» **Work order**:
Leave out every picture and set down, exactly, the lines below from the one holding "100ml Hair Growth" up to and including the one holding "Posts e Templates".

++++ Record extracts

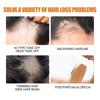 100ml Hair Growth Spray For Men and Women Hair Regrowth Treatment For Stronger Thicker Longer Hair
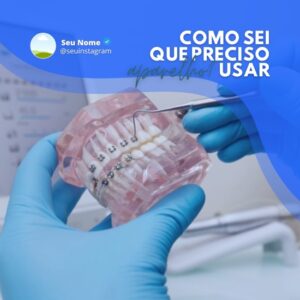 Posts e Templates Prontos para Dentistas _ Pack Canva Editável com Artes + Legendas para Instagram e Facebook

++++++++
++++ Record extracts

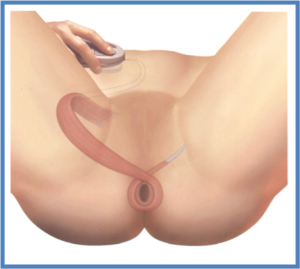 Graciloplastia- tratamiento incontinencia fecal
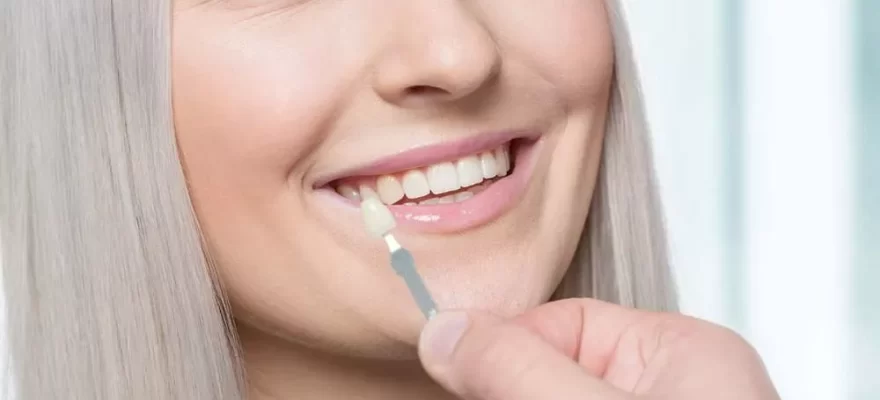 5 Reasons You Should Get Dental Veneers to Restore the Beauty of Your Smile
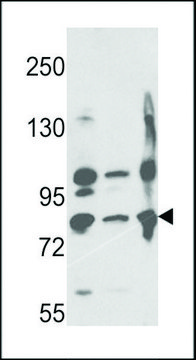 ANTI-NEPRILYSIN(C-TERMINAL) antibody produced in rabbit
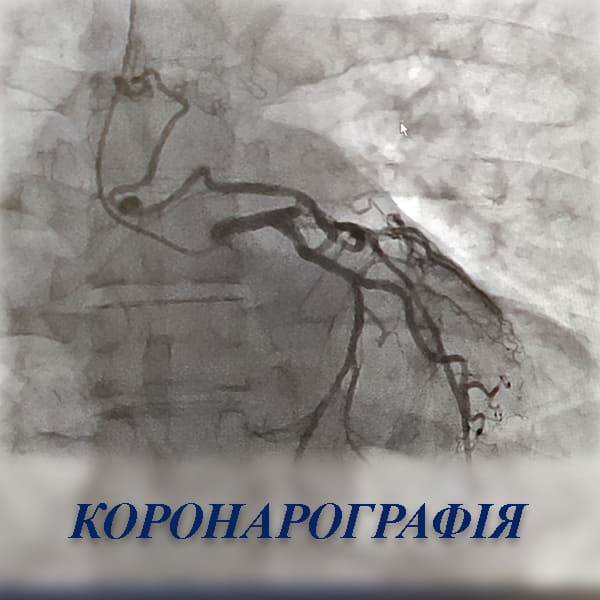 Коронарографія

++++++++
++++ Record extracts

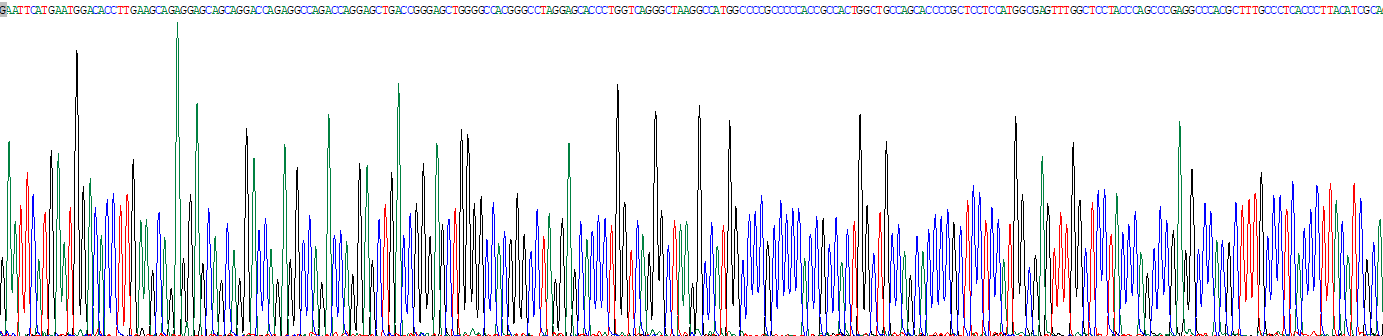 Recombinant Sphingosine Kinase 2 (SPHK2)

++++++++

» **Response below**:
 100ml Hair Growth Spray For Men and Women Hair Regrowth Treatment For Stronger Thicker Longer Hair
 Posts e Templates Prontos para Dentistas _ Pack Canva Editável com Artes + Legendas para Instagram e Facebook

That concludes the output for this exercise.